*** Opening DATA PROVIDED ***

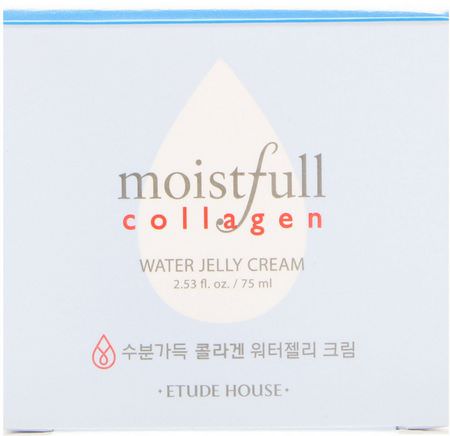Collagen, K-Beauty Moisturizers, Krämer, Ansiktsfuktare: Etude House, Moistfull Collagen, Water Jelly Cream, 2.53 fl oz (75 ml)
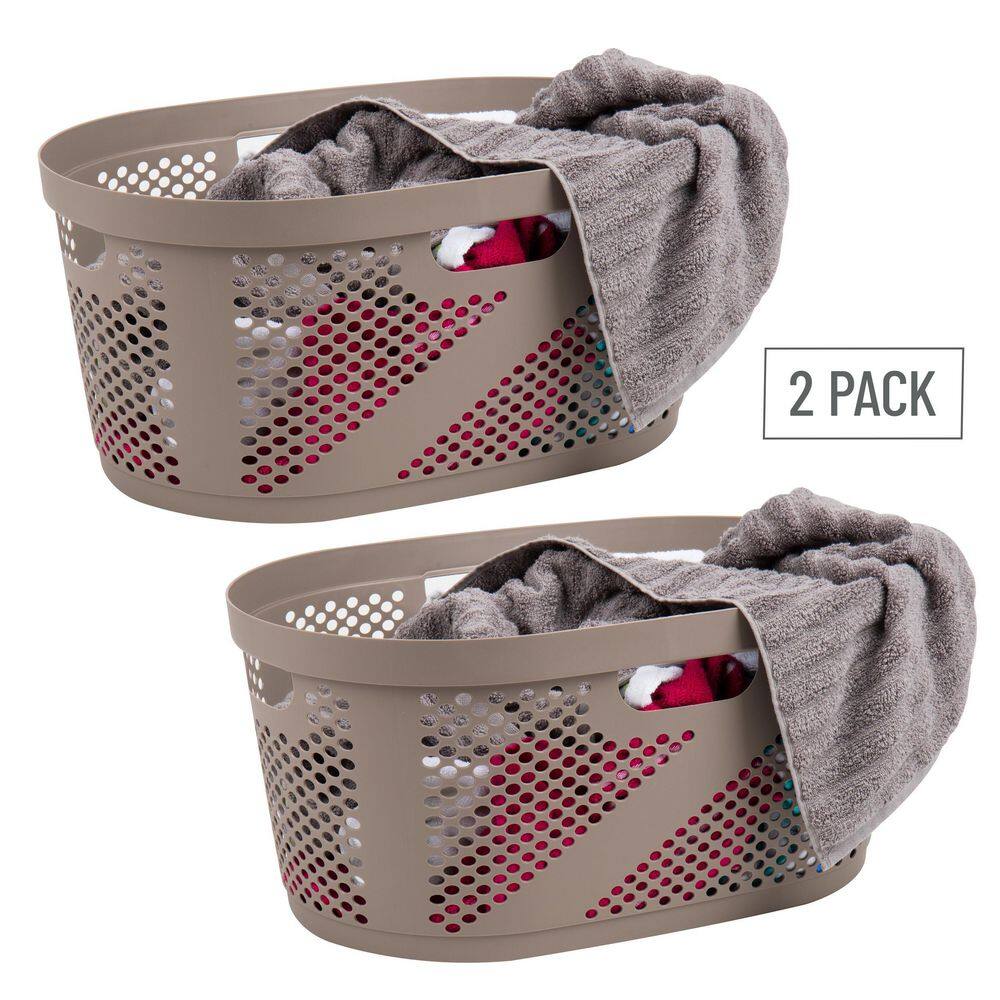 Mind Reader Basket Collection, Laundry Basket, 40 Liter (10kg/22lbs) Capacity, Cut Out Handles, Set of 2, Tan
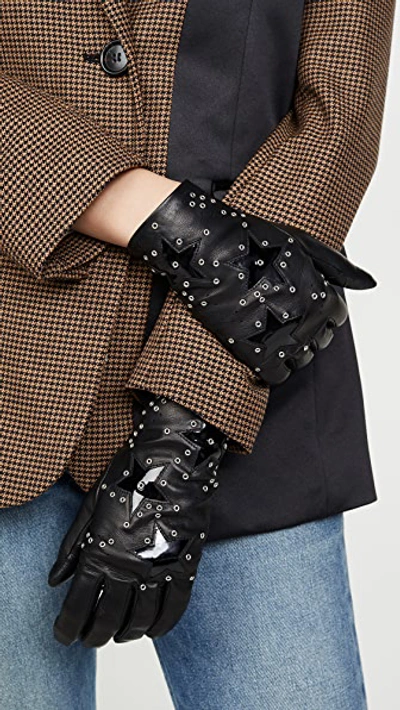 Shop Agnelle Kim Short Gloves In Black Tactile/silver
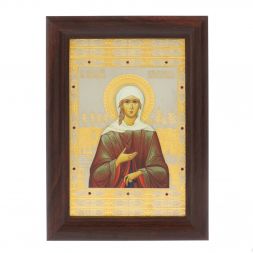 Икона гравюра &amp;quot;Ксения Петербуржская&amp;quot; багет 12,5х17,5х1 см Златоуст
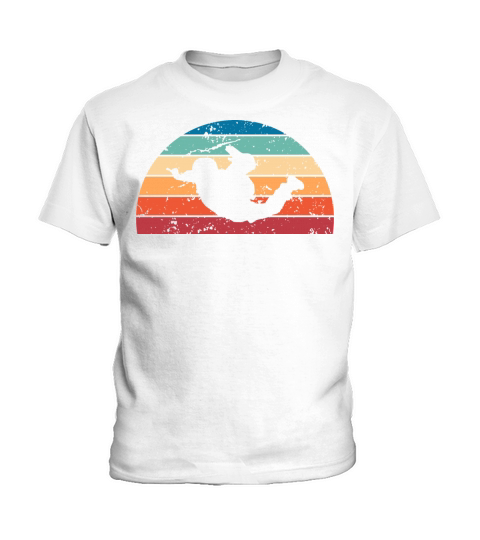 Retro Base jumping Sunset Vintage skydiver Sunrise Kids T-Shirt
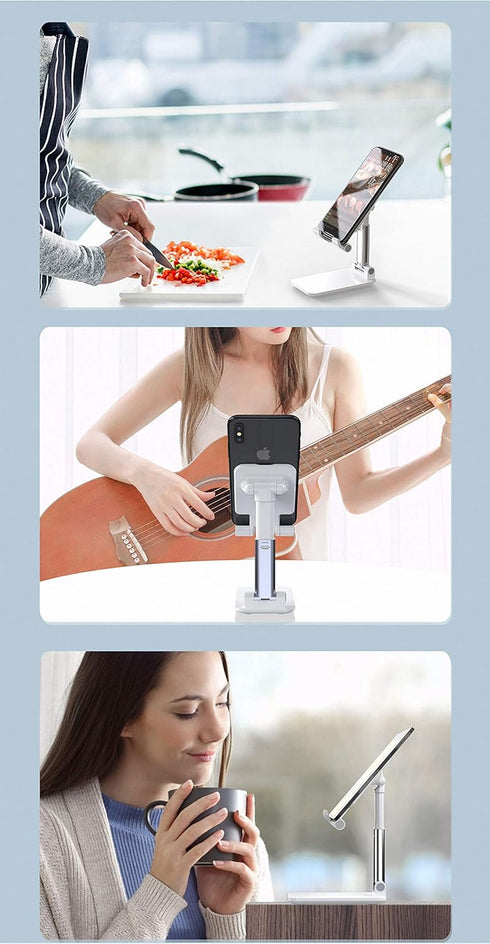Adjustable Cell Phone Stands for Desk, Aluminum Folding Phone Holder with Stable Base and Charging Port for 4-12.9 Inches Smart Phone, Tablet (Bla...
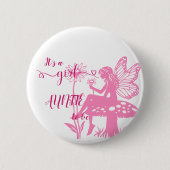 女の子だ！妖精キノコと花おばあちゃん 缶バッジ (正面)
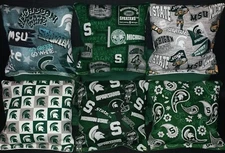 Set Of 8 Michigan State University Spartans Cornhole Bean Bags FREE SHIPPING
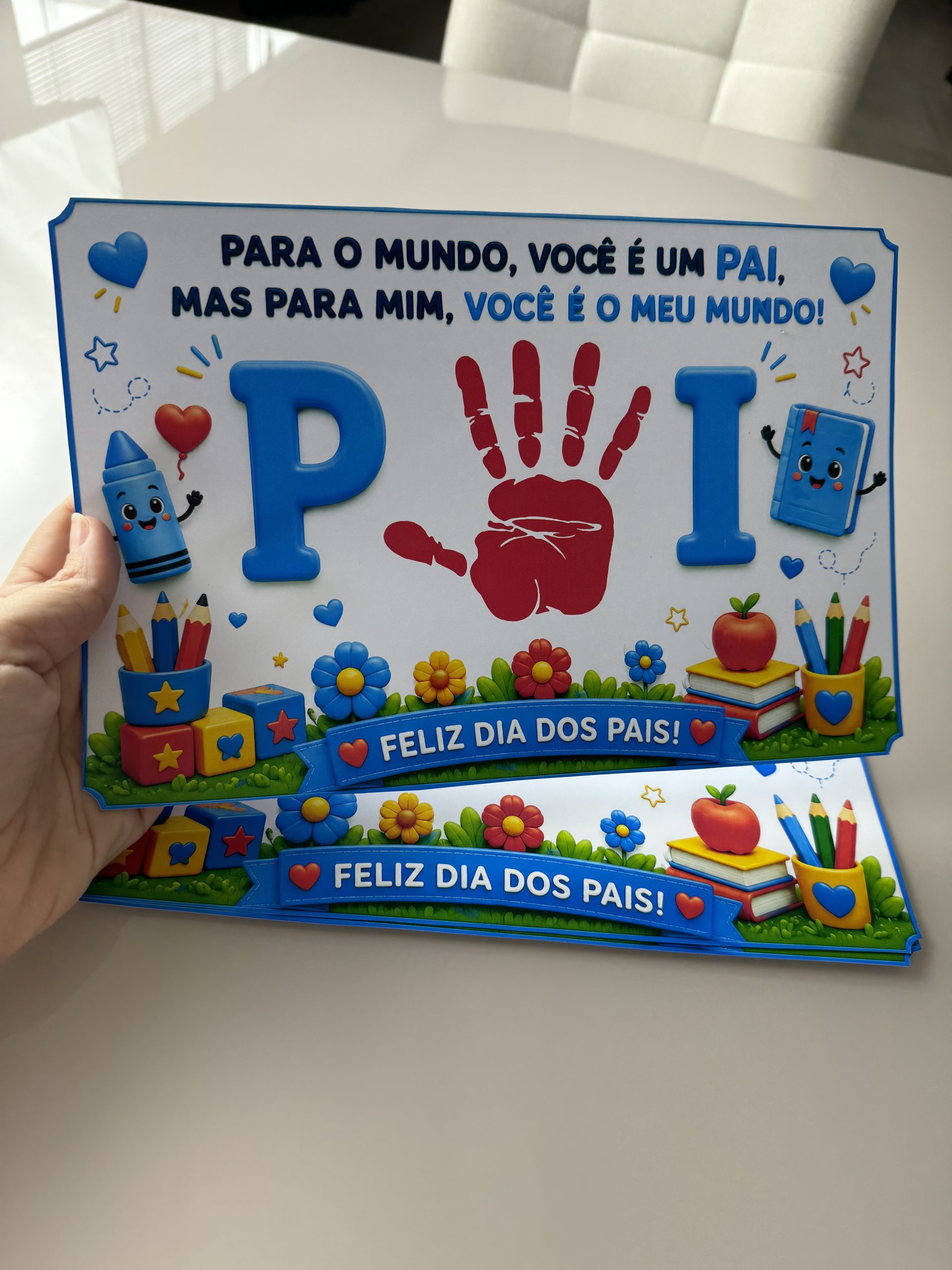 🖐️💙 Atividade Dia dos Pais – Carimbe a Mão
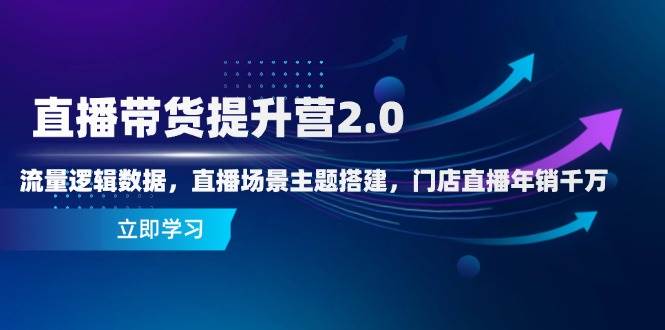 直播带货提升营2.0：流量逻辑数据，直播场景主题搭建，门店直播年销千万-耐玩网创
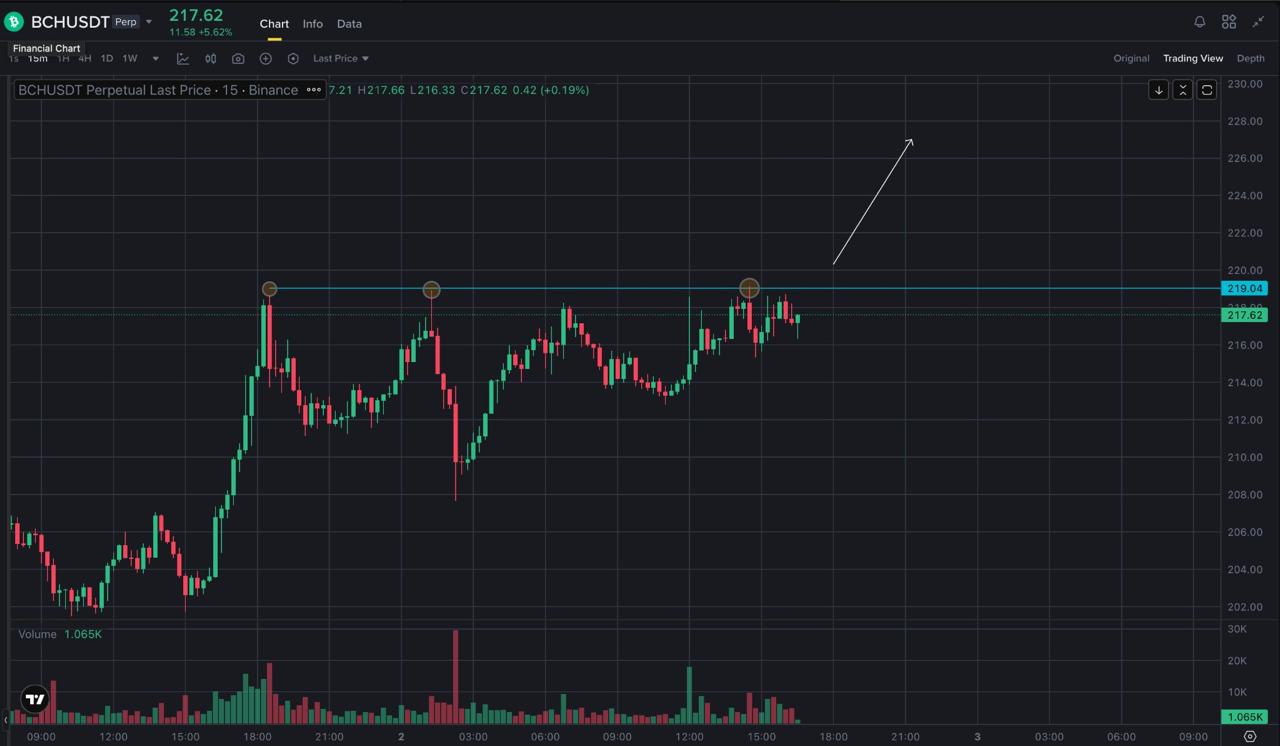 BCHUSDT LONG signal screenshot by Trader signals RU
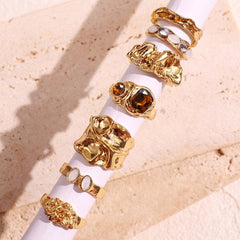 19-Piece Adjustable Boho Chunky Ring Set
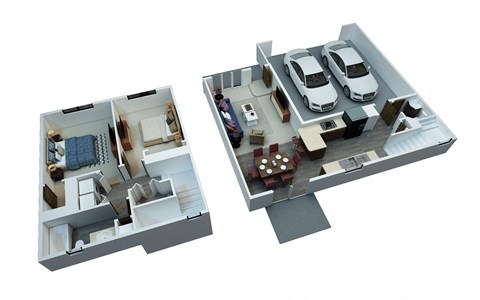 2 Bed 1.5 Bath Townhome with Attached Garage Floor Plan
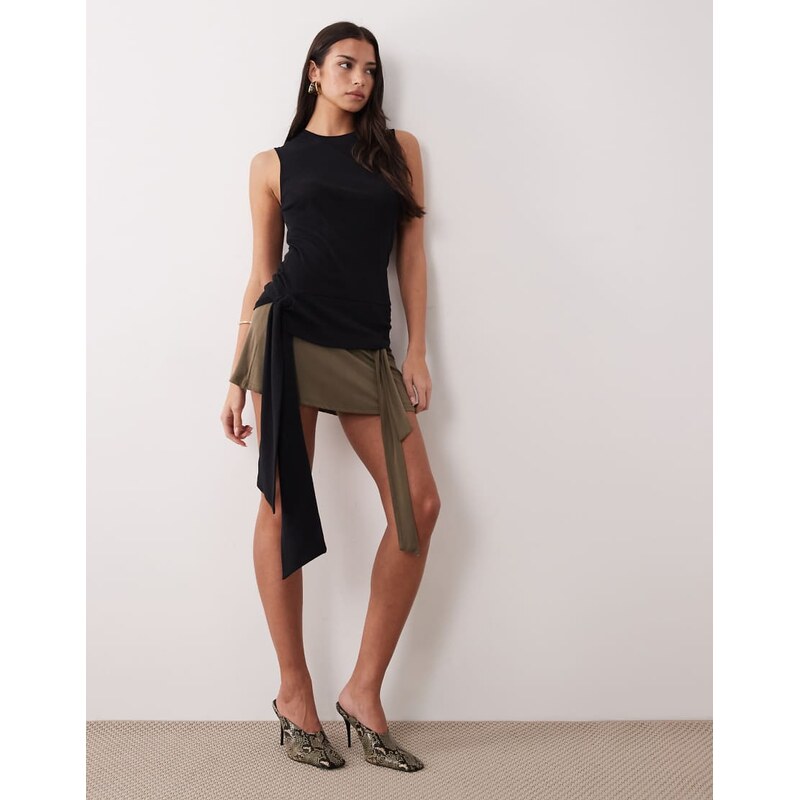 Mango Capsule 100% cotton knitted tank top with tie detail in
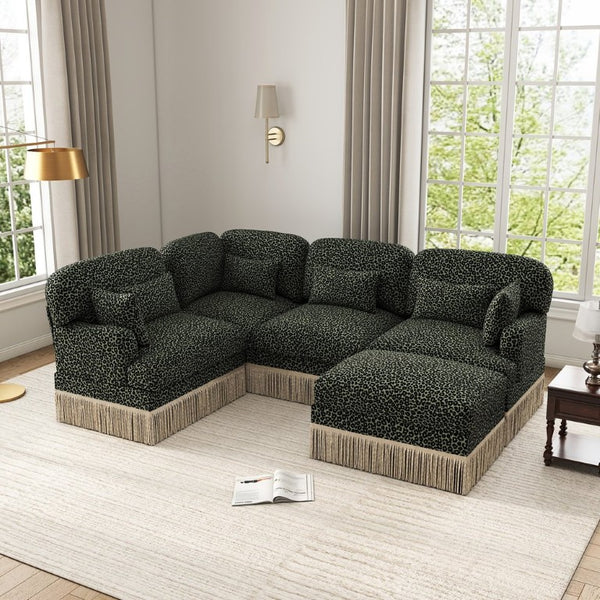English Elm Large Chenille U-Shaped Sectional with Leopard Print Tassel Trim and Modular Ottoman W5656S00126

*** Closing DATA PROVIDED ***

WORK ITEM:
Could you write out again, exactly, the lines from the line containing "女の子だ！妖精キノコと花おばあちゃん 缶バッジ (正面)" through the last line of the records above? Leave out the pictures.

WRITTEN ANSWER:
 女の子だ！妖精キノコと花おばあちゃん 缶バッジ (正面)
 Set Of 8 Michigan State University Spartans Cornhole Bean Bags FREE SHIPPING
 🖐️💙 Atividade Dia dos Pais – Carimbe a Mão
 直播带货提升营2.0：流量逻辑数据，直播场景主题搭建，门店直播年销千万-耐玩网创
 BCHUSDT LONG signal screenshot by Trader signals RU
 19-Piece Adjustable Boho Chunky Ring Set
 2 Bed 1.5 Bath Townhome with Attached Garage Floor Plan
 Mango Capsule 100% cotton knitted tank top with tie detail in
English Elm Large Chenille U-Shaped Sectional with Leopard Print Tassel Trim and Modular Ottoman W5656S00126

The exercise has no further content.